Alexandra Lange is a New York-based architecture and design critic. Her essays, reviews, and profiles have appeared in Architect, Dirty Furniture, Dwell, MAS Context, Metropolis, New York Magazine, the New Yorker, and the New York Times. She has been an opinion columnist at Dezeen and a featured writer at Design Observer. She is the author of Writing About Architecture: Mastering the Language of Buildings and Cities (Princeton Architectural Press, 2012) and the e-book The Dot-Com City: Silicon Valley Urbanism (Strelka Press, 2012), as well as co-author of Design Research: The Store that Brought Modern Living to American Homes (Chronicle Books, 2010). She has taught design criticism at the School of Visual Arts and New York University. She was a 2014 Loeb Fellow at the Harvard Graduate School of Design.
Jochen Eisenbrand is chief curator at the Vitra Design Museum. Working at the Vitra Design Museum since 1998, Eisenbrand curated the exhibitions Airworld. Design and Architecture for Air Travel, Hidden Heroes. The Genius of Everyday Things as well as major retrospectives on George Nelson, Louis Kahn (with Stanislaus von Moos), Alvar Aalto and Alexander Girard. His exhibitions have been shown not only in Weil am Rhein but also at further venues in Europe, the USA and in Asia. From 2007 until 2010 he served as a member of the acquisitions committee of FRAC centre in Orléans. Having earned a Master degree in Cultural Studies from the University of Lüneburg (1998), Eisenbrand received his PhD in design history at the University of Wuppertal in 2014.
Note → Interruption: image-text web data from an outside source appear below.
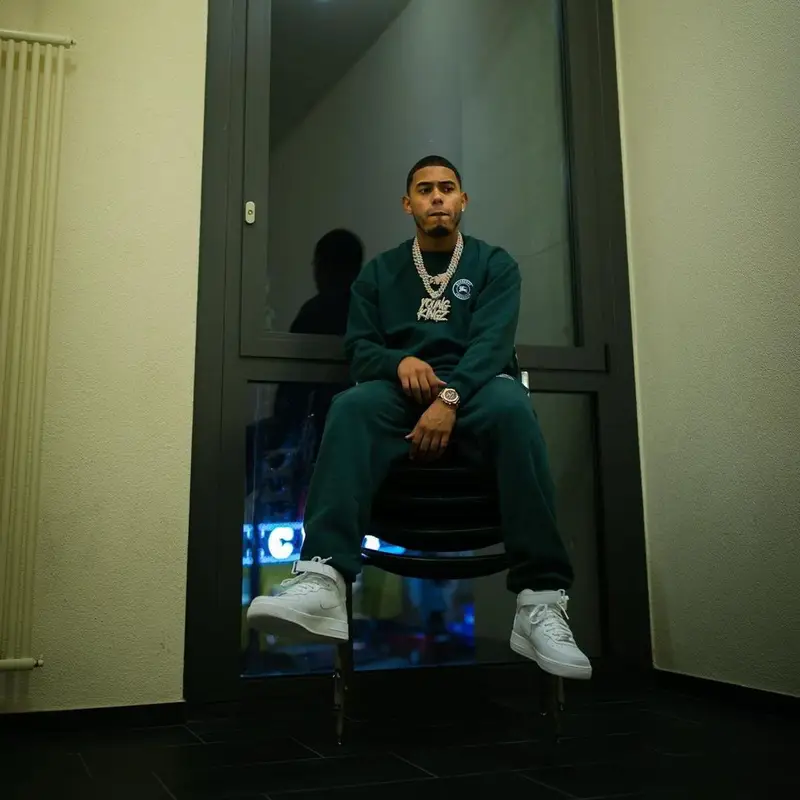 Myke Towers outfit in Burberry and Nike, 2021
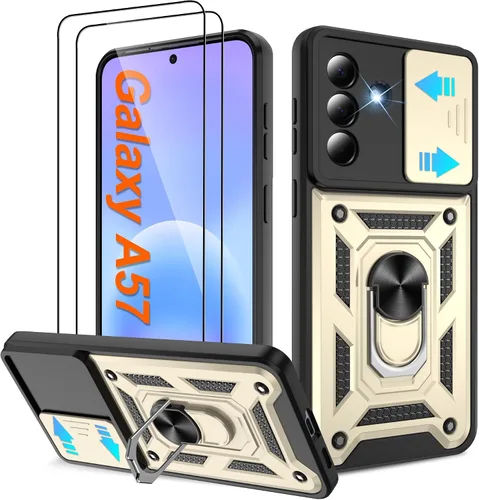 Miniatura 89 de ATUMP Funda para T-Mobile Revvl V Plus 5G con protector de pantalla HD con cubierta de cámara deslizante, soporte de anillo de rotación de 360° Negro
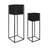 Azuolas 2-Piece Metal Pot Planter Set-536891603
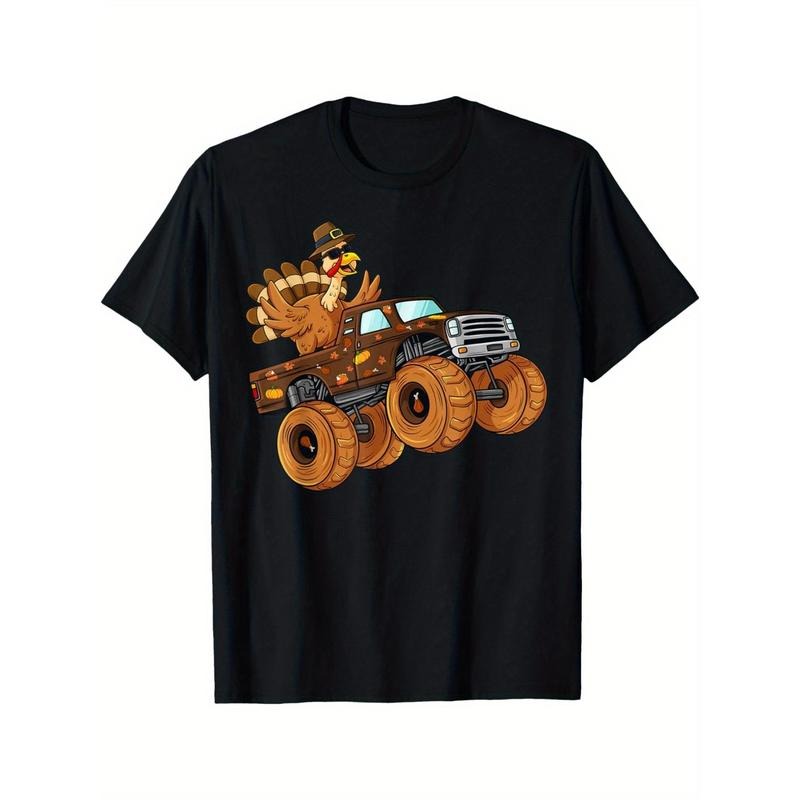 Thanksgiving Turkey Riding Monster Truck men T-Shirt made in usa Hoodie Sweatshirt | PrintMintTees.com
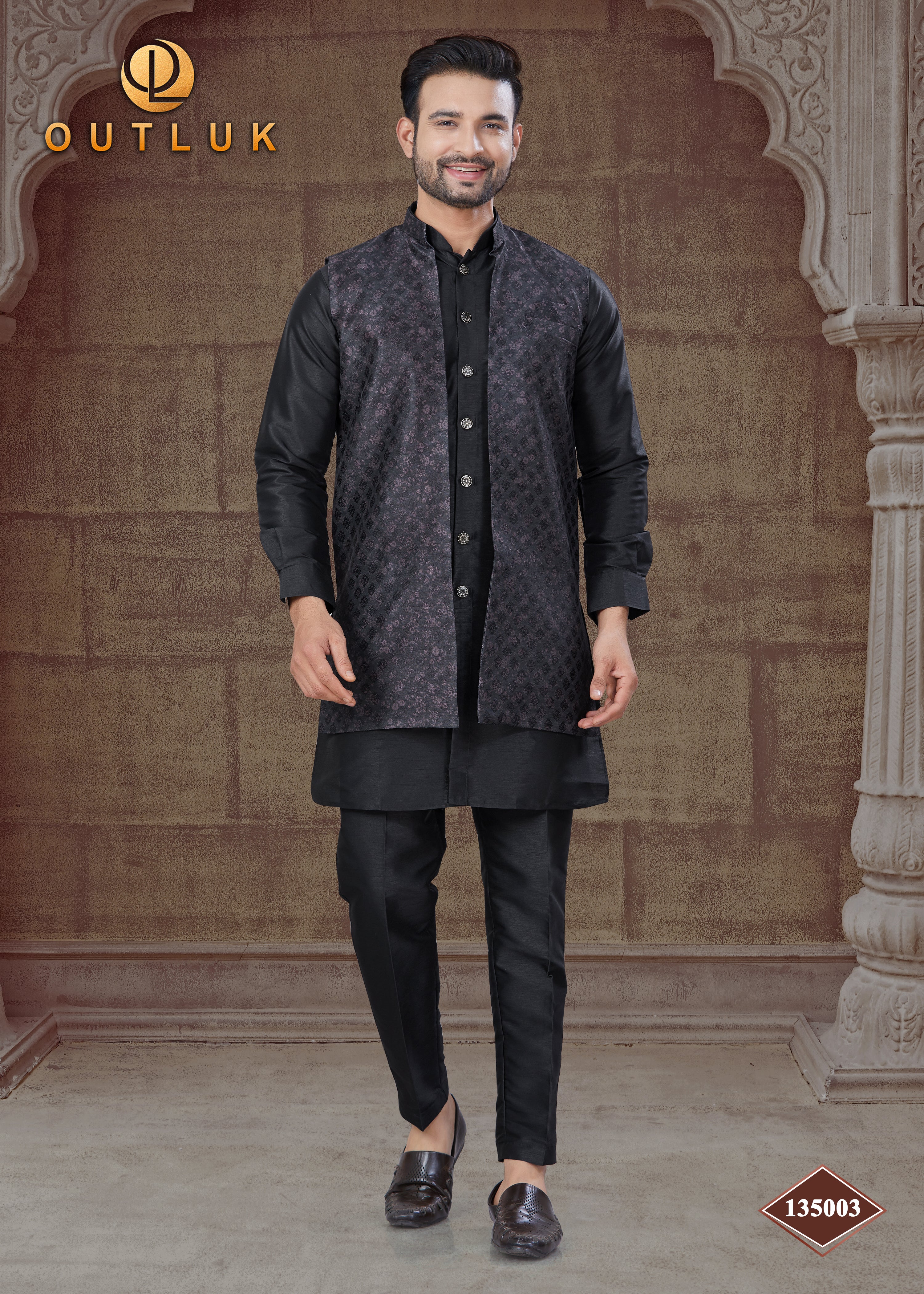 Black Silk Mens Indo Western 135003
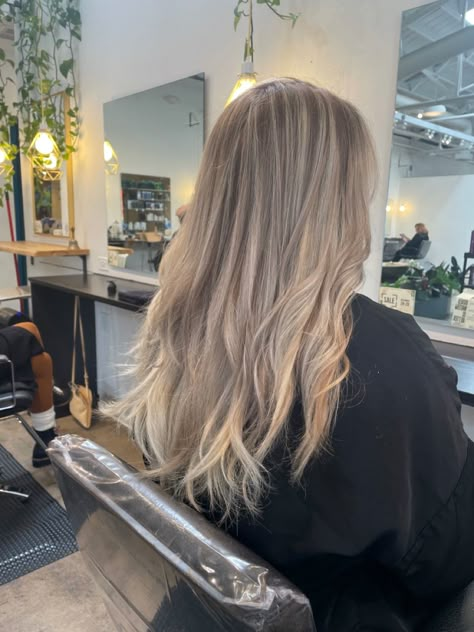 Brown Grey Blonde Hair, Ash Blonde Dimensional Balayage, Grey Toned Brown Hair, Cool Toned Beige Blonde Hair, Grey Dark Blonde Hair, Ash Toned Highlights, Ashy Brown To Blonde Balayage, Dark Smokey Blonde Hair, Air Tuch Hair Color Blond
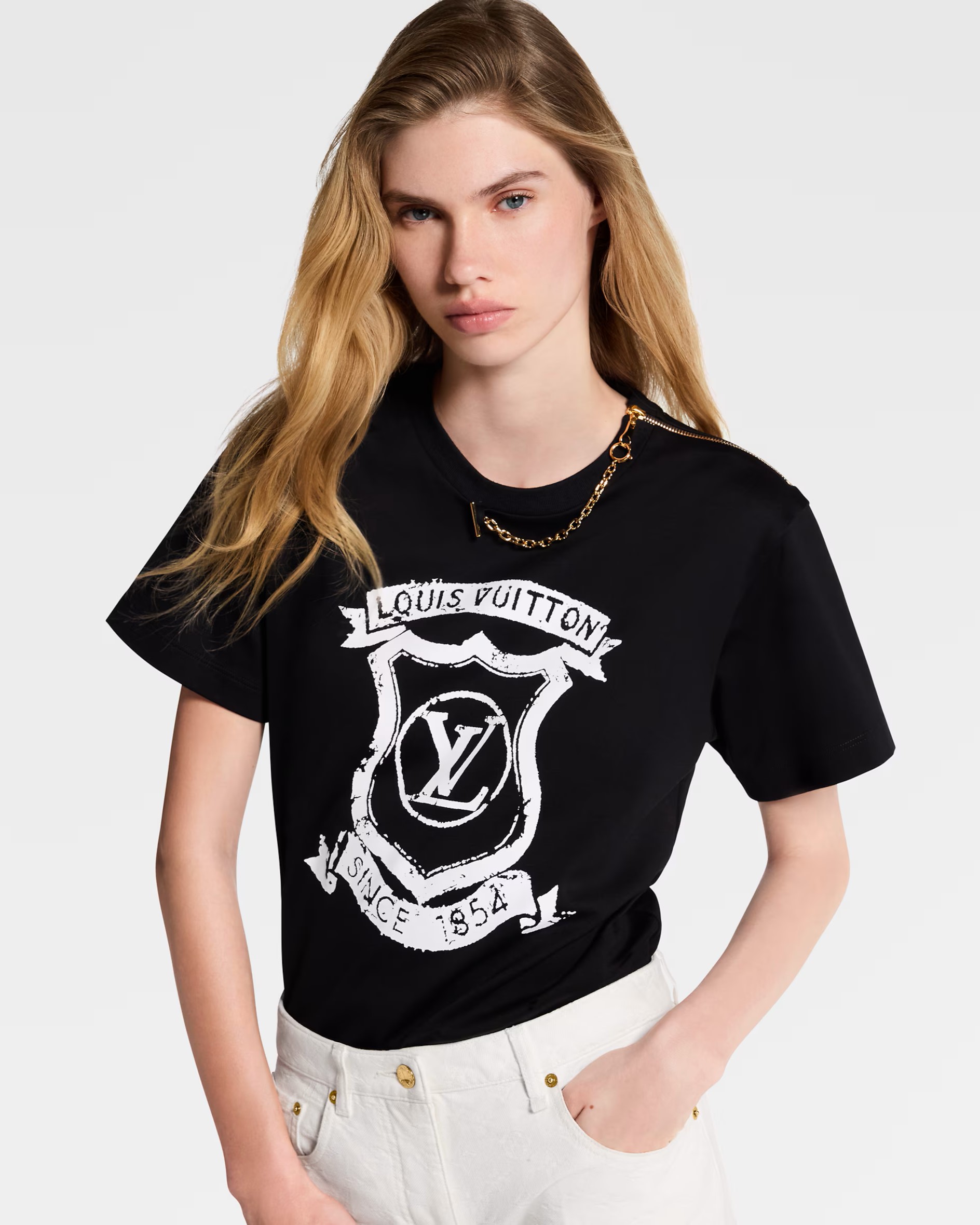 Áo thun LV nữ Louis Vuitton Signature Zipper Detail T-Shirt Black 4
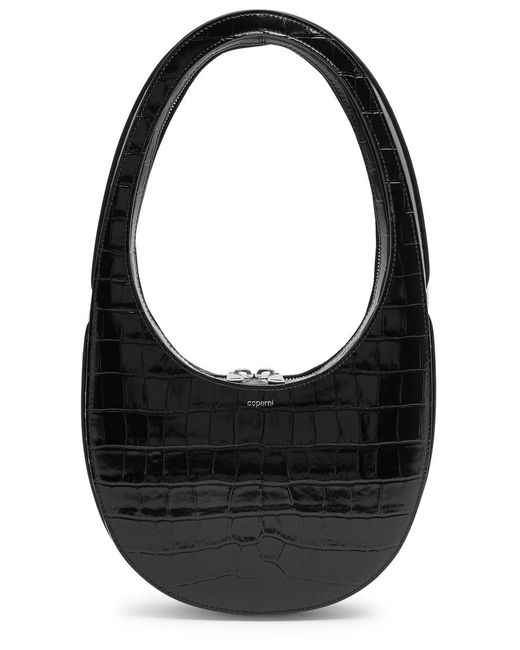 Coperni Black Swipe Crocodile-effect Leather Top Handle Bag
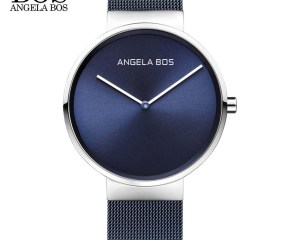 ANGELA BOS Ultra Thin Simple Nordic Design Watch Men Sapphire Weave Stainless Steel Waterproof Mens Watches Top Brand Luxury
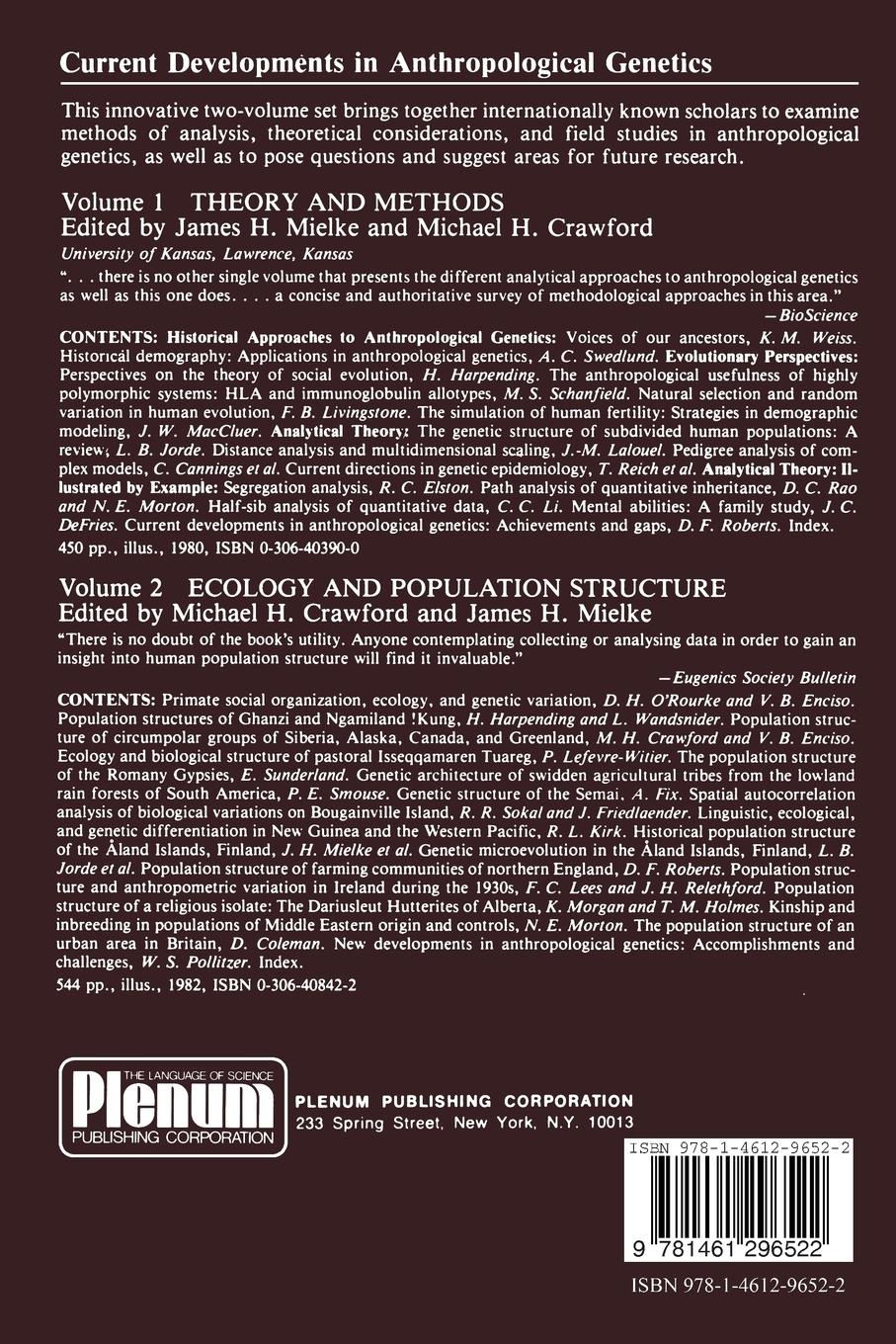 Rückseitencover Current Developments in Anthropological Genetics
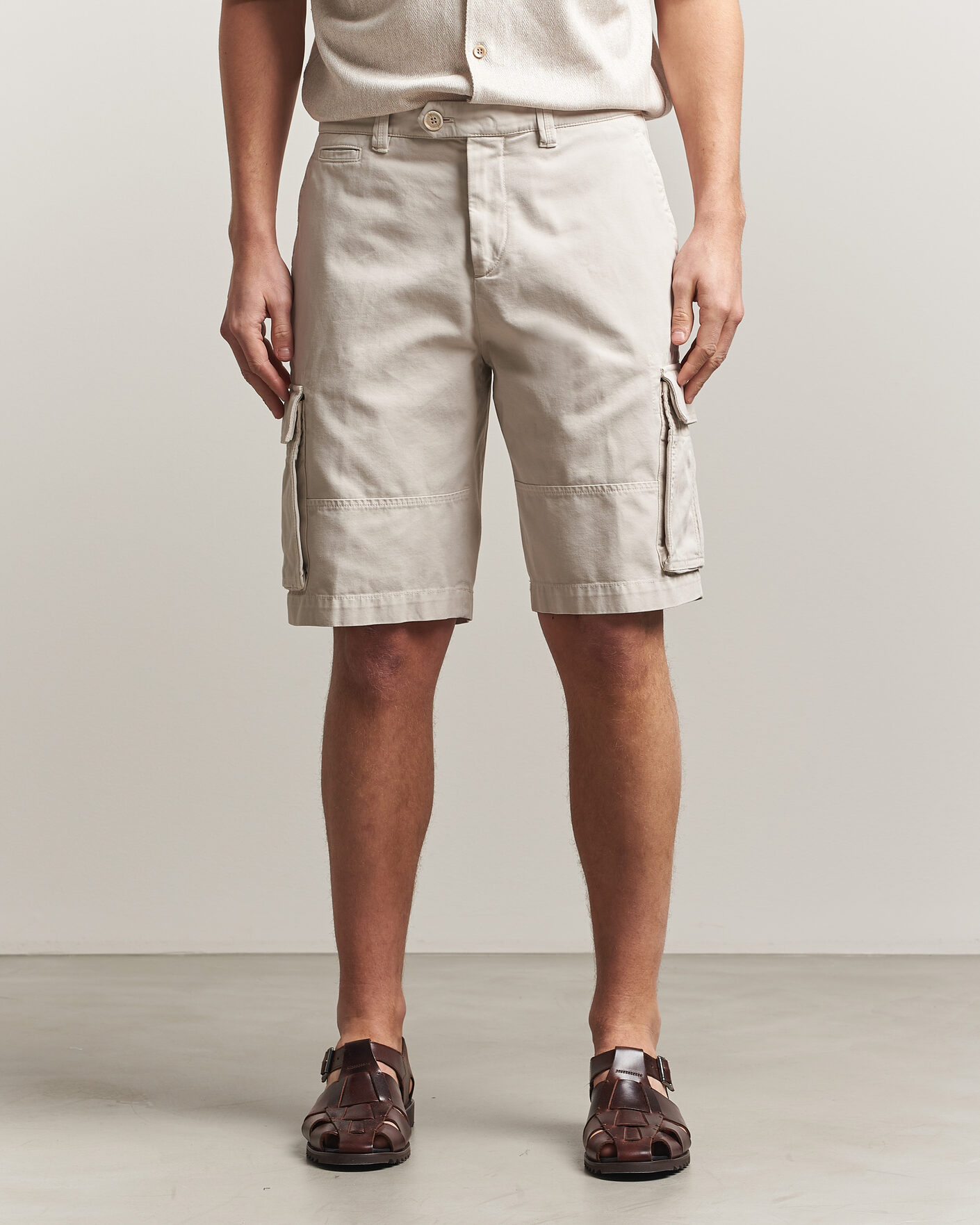 Hombres | Pantalones cortos | Brunello Cucinelli | Cotton Cargo Shorts Light Beige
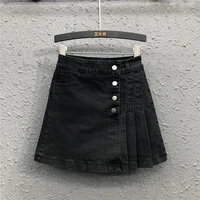 2021 spring and autumn new fashion breasted retro anti empty irregular denim bag hip skirt half length skirt short skirt women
Monica Obniski is the Demmer Curator of 20th and 21st Century Design at the Milwaukee Art Museum. She was the inaugural Ann S. and Samuel M. Mencoff Assistant Curator of American Decorative Arts at the Art Institute of Chicago and a Research Assistant in the Department of American Decorative Arts at the Metropolitan Museum of Art. She received an MA in the History of Decorative Arts and Design from the Bard Graduate Center, and a PhD from the University of Illinois at Chicago, where she wrote the dissertation “Accumulating Things: Folk Art and Modern Design in the Postwar American Projects of Alexander H. Girard (1907-1993).” Obniski has taught art history at the University of Illinois, Chicago and Columbia College Chicago, has received fellowships from FIU-The Wolfsonian and the Center for Craft, Creativity and Design, and has published a number of scholarly articles and contributed to several museum publications.
Barbara Fitton Hauss is an independent American art historian and translator based in southwestern Germany. Her authored works in both English and German include a book on Renaissance architecture north of the Alps (Helbing & Lichtenhahn, 1991) and numerous essays with a focus on midcentury modern design in the USA and modernist art movements in Germany, which have been published in catalogues by Vitra Design Museum, Museum für Gestaltung Zürich, Dreiländermuseum Lörrach, and others. Her translations in the fields of art, design and architecture have appeared in noted books such as Women in Graphic Design (Jovis, 2012), Focusing the Modern (Bauhaus-Archiv, 2011), Migropolis (Hatje Cantz, 2009), Your Private Sky: R. Buckminster Fuller (Lars Müller, 2000) and many exhibition catalogues.